* TASK TO CARRY OUT
In your reply, repeat the full listing exactly and leave each picture out.

* THE DATA
#####
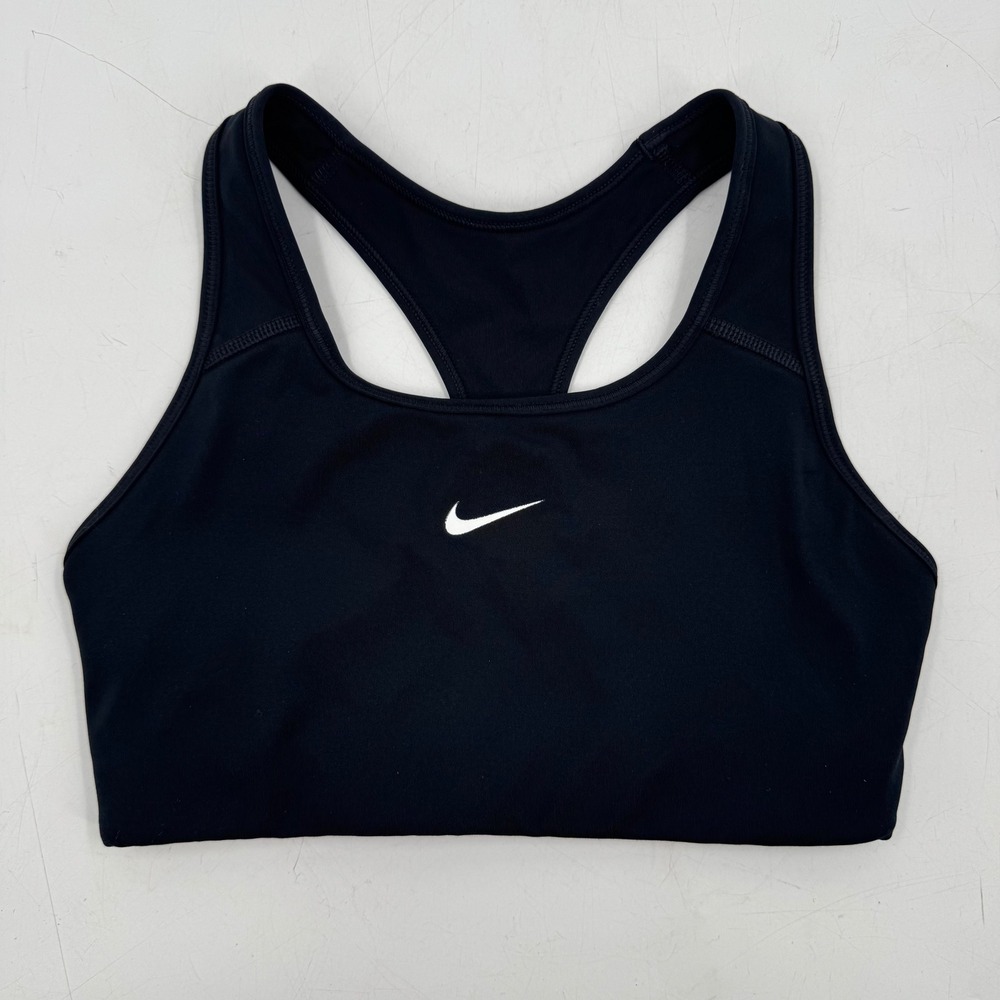 Nike Dri Fit Sportsβ Bra Black Racerback Medium Support Gym Workout Small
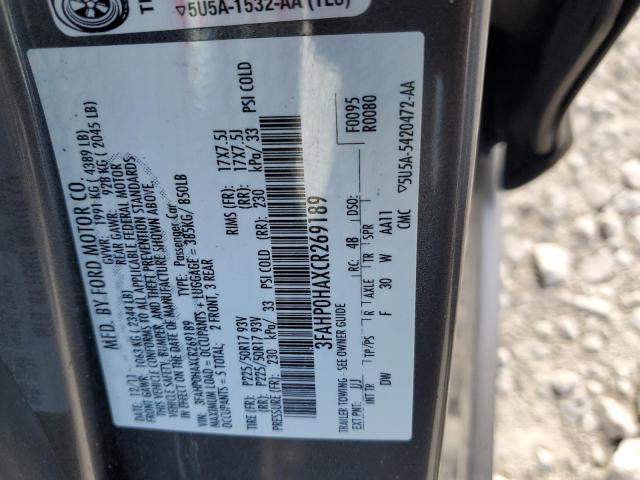 2012 FORD FUSION SE - 3FAHP0HAXCR269189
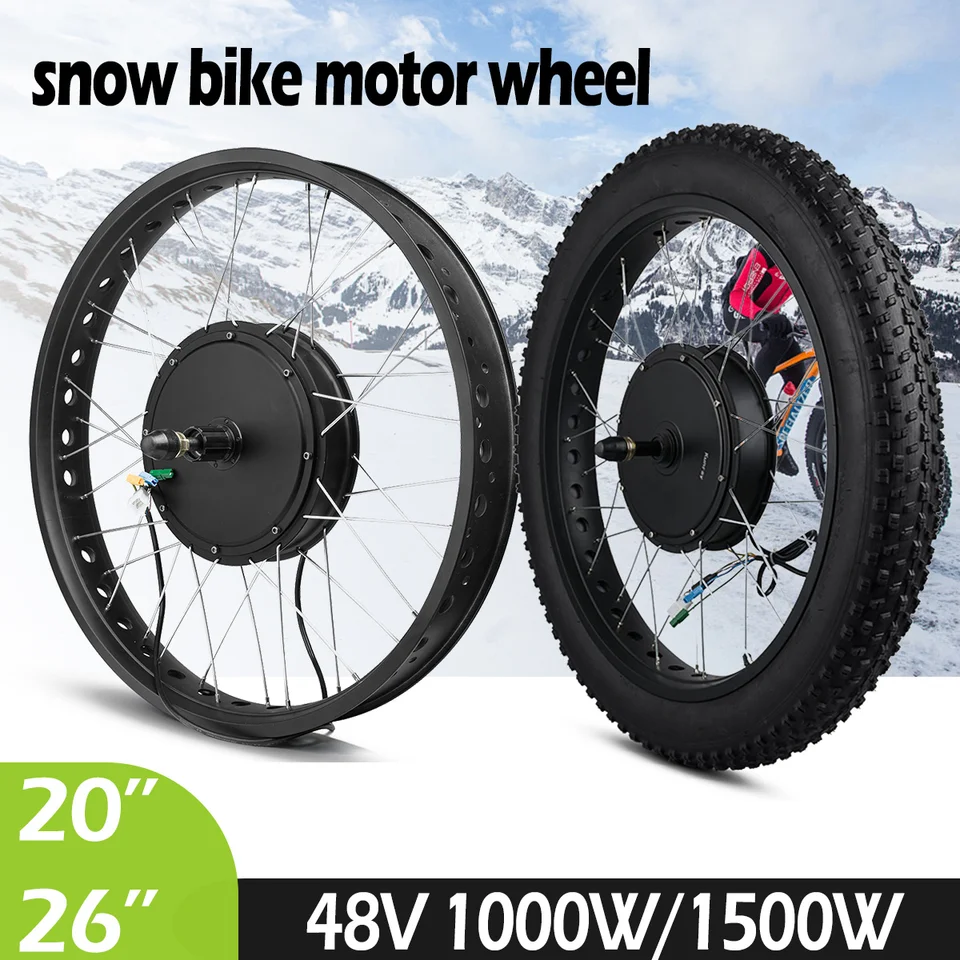 ファットバイク用ハイパワーモーター 電動ファットバイク後輪,48V, 1000W, 1500W, 20インチ,26インチ,タイヤ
#####
* EXERCISE RESPONSE
 Nike Dri Fit Sportsβ Bra Black Racerback Medium Support Gym Workout Small
 2012 FORD FUSION SE - 3FAHP0HAXCR269189
 ファットバイク用ハイパワーモーター 電動ファットバイク後輪,48V, 1000W, 1500W, 20インチ,26インチ,タイヤ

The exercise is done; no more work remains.